Information sharing in the logistics supply chain can reduce costs and improve efficiency. But security and interoperability remain major challenges.
Mistrust and lack of co-ordination among actors with different roles in the supply chain threaten to derail information sharing benefits
INFORMATION sharing presents a huge potential to the maritime logistics sector through reducing costs, cutting delivery times and improving resource efficiency, according to the Organisation for Economic Co-operation and Development.
But collaboration and security are among key factors that need addressing before the benefits can be witnessed, it says in a new report on information sharing for efficient maritime logistics.
The OECD’s International Transportation Forum says the maritime industry is already harnessing data via digital technologies for greater insights into the logistics chain in order to improve logistics processes.
The areas of application of digital technologies for the collection, exchange and analysis of information range from management and transactional purposes to more technical, operational applications.
“Effective integration of data-driven systems crucially depends on the quality of their implementation and on smooth collaboration between stakeholders along the logistics chain,” the report says.
New technologies will continue to transform logistics processes, it adds.
“Numerous logistics applications exist for innovations such as highly sophisticated sensors for data collection, advanced data analytics tools and advanced concepts such as the Internet of Things, blockchain or artificial intelligence,” the ITF says.
But it warns that better integration of supply chains via technologies faces many challenges, with data sharing being the key issue.
“The main obstacles are limited trust and lack of co-ordination among actors with different roles in the supply chain and differing size, operational or strategic objectives,” the report says. “Commercial sensitivities and the question of data ownership also matter.”
Other challenges relate to the way logistics adopt data-enabled innovation.
“Relying more and more on digitalisation and system integration can expose the entire chain to cyber security risks,” the ITF says. “Secondly, many emerging data networks are proprietary systems. This raises the possibility of future data oligopolies dominated by a small number of private supply chain integrators.”
Open standards could address this issue, but the balance between proprietary and open systems remained to be defined, it added.
The report recommends that the shipping sector should support the emergence of open standards in maritime logistics.
“The lack of industry standards for data sharing can act as a hurdle to establishing common platforms for information sharing and collaboration,” the report says. “Public authorities should support the creation of open standards in maritime logistics to develop a configuration that is useful to all players in the supply chain.”
In this context it would be important to clarify what should be standardised, whether standardisation should be publicly- or industry-driven, and how the implementation of standards will be organised.
Interoperability between public and private systems for the exchange of logistics information would also become crucial.

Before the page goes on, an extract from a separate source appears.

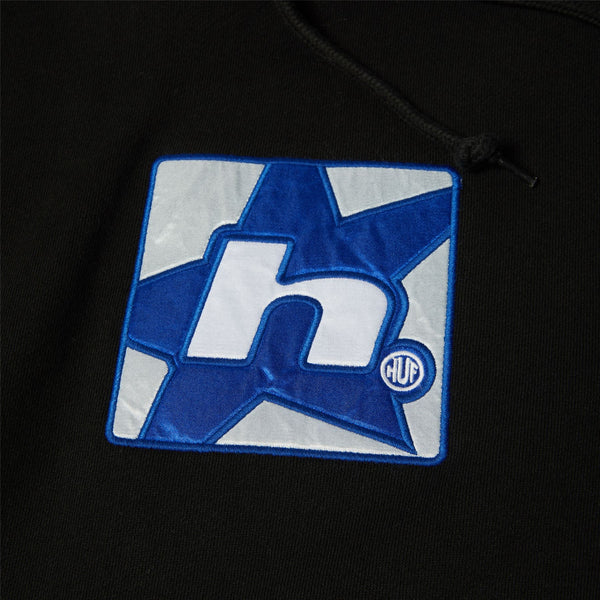 HUF H Star P / O Hoodie (Black) - XL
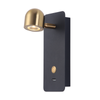 SCONCE LED LIGHT 2,5W 3000K METAL-ALUMINIUM BLACK-BRASS (23038 Zambelis) - Zambelis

“Close collaboration between public and private actors is needed for the smooth data exchange that will enable faster cross-border interactions. In addition, effectively organising the interaction among companies and the public sector will address costly inefficiencies resulting from a lack of cross-border data sharing,” the report says.
It suggests supporting ports in creating co-ordination platforms and single windows.
“Reducing unpredictability for port operators means a more efficient use of public infrastructure,” the report says. “This, in turn, benefits the environmental performance of the sector.”
Although ports of the same region often compete, combined efforts to providing digital solutions for stakeholder coordination could generate efficiencies from which all participating ports benefit.